> _INSTRUCTIONS TO FOLLOW_
These entries must be printed again exactly as they are.

++++++++

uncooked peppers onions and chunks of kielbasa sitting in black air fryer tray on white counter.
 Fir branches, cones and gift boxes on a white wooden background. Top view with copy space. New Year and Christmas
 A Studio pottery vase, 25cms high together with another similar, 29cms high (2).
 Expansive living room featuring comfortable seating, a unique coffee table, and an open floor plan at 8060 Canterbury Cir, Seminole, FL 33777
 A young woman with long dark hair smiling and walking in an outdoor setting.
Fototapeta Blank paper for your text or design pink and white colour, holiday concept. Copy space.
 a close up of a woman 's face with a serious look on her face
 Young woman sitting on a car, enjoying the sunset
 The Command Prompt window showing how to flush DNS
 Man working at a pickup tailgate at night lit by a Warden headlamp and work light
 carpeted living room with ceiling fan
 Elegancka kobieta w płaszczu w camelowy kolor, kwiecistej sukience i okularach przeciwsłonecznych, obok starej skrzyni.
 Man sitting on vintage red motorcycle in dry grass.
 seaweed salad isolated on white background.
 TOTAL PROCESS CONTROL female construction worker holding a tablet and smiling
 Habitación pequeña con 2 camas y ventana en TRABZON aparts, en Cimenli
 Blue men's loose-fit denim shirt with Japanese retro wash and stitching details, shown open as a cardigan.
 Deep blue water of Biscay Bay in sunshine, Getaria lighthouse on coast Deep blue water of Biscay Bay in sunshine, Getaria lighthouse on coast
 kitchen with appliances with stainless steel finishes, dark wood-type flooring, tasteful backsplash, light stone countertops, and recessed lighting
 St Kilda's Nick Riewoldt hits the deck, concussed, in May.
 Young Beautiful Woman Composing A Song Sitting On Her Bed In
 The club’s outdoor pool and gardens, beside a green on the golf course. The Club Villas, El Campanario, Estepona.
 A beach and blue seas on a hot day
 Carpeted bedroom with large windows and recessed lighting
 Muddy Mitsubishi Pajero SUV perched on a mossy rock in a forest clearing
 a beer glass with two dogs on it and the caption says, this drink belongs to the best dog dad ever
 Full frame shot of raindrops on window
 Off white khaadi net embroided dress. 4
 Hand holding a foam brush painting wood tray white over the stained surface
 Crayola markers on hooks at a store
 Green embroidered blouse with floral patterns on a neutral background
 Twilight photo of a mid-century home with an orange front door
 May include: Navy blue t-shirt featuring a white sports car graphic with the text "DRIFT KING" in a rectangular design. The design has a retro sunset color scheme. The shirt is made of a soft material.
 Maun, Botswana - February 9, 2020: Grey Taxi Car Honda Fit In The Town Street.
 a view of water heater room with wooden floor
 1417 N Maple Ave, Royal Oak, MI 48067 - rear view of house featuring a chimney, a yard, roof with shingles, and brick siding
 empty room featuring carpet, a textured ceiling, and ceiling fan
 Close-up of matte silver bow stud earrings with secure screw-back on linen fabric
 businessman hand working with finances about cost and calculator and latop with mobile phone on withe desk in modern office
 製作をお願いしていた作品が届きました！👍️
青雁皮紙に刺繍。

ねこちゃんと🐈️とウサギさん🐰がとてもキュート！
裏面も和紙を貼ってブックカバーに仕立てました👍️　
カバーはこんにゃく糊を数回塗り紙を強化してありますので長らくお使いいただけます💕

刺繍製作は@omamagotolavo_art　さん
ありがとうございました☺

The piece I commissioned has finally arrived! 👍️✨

++++++++

> _EXPECTED ANSWER_
uncooked peppers onions and chunks of kielbasa sitting in black air fryer tray on white counter.
 Fir branches, cones and gift boxes on a white wooden background. Top view with copy space. New Year and Christmas
 A Studio pottery vase, 25cms high together with another similar, 29cms high (2).
 Expansive living room featuring comfortable seating, a unique coffee table, and an open floor plan at 8060 Canterbury Cir, Seminole, FL 33777
 A young woman with long dark hair smiling and walking in an outdoor setting.
Fototapeta Blank paper for your text or design pink and white colour, holiday concept. Copy space.
 a close up of a woman 's face with a serious look on her face
 Young woman sitting on a car, enjoying the sunset
 The Command Prompt window showing how to flush DNS
 Man working at a pickup tailgate at night lit by a Warden headlamp and work light
 carpeted living room with ceiling fan
 Elegancka kobieta w płaszczu w camelowy kolor, kwiecistej sukience i okularach przeciwsłonecznych, obok starej skrzyni.
 Man sitting on vintage red motorcycle in dry grass.
 seaweed salad isolated on white background.
 TOTAL PROCESS CONTROL female construction worker holding a tablet and smiling
 Habitación pequeña con 2 camas y ventana en TRABZON aparts, en Cimenli
 Blue men's loose-fit denim shirt with Japanese retro wash and stitching details, shown open as a cardigan.
 Deep blue water of Biscay Bay in sunshine, Getaria lighthouse on coast Deep blue water of Biscay Bay in sunshine, Getaria lighthouse on coast
 kitchen with appliances with stainless steel finishes, dark wood-type flooring, tasteful backsplash, light stone countertops, and recessed lighting
 St Kilda's Nick Riewoldt hits the deck, concussed, in May.
 Young Beautiful Woman Composing A Song Sitting On Her Bed In
 The club’s outdoor pool and gardens, beside a green on the golf course. The Club Villas, El Campanario, Estepona.
 A beach and blue seas on a hot day
 Carpeted bedroom with large windows and recessed lighting
 Muddy Mitsubishi Pajero SUV perched on a mossy rock in a forest clearing
 a beer glass with two dogs on it and the caption says, this drink belongs to the best dog dad ever
 Full frame shot of raindrops on window
 Off white khaadi net embroided dress. 4
 Hand holding a foam brush painting wood tray white over the stained surface
 Crayola markers on hooks at a store
 Green embroidered blouse with floral patterns on a neutral background
 Twilight photo of a mid-century home with an orange front door
 May include: Navy blue t-shirt featuring a white sports car graphic with the text "DRIFT KING" in a rectangular design. The design has a retro sunset color scheme. The shirt is made of a soft material.
 Maun, Botswana - February 9, 2020: Grey Taxi Car Honda Fit In The Town Street.
 a view of water heater room with wooden floor
 1417 N Maple Ave, Royal Oak, MI 48067 - rear view of house featuring a chimney, a yard, roof with shingles, and brick siding
 empty room featuring carpet, a textured ceiling, and ceiling fan
 Close-up of matte silver bow stud earrings with secure screw-back on linen fabric
 businessman hand working with finances about cost and calculator and latop with mobile phone on withe desk in modern office
 製作をお願いしていた作品が届きました！👍️
青雁皮紙に刺繍。

ねこちゃんと🐈️とウサギさん🐰がとてもキュート！
裏面も和紙を貼ってブックカバーに仕立てました👍️　
カバーはこんにゃく糊を数回塗り紙を強化してありますので長らくお使いいただけます💕

刺繍製作は@omamagotolavo_art　さん
ありがとうございました☺

The piece I commissioned has finally arrived! 👍️✨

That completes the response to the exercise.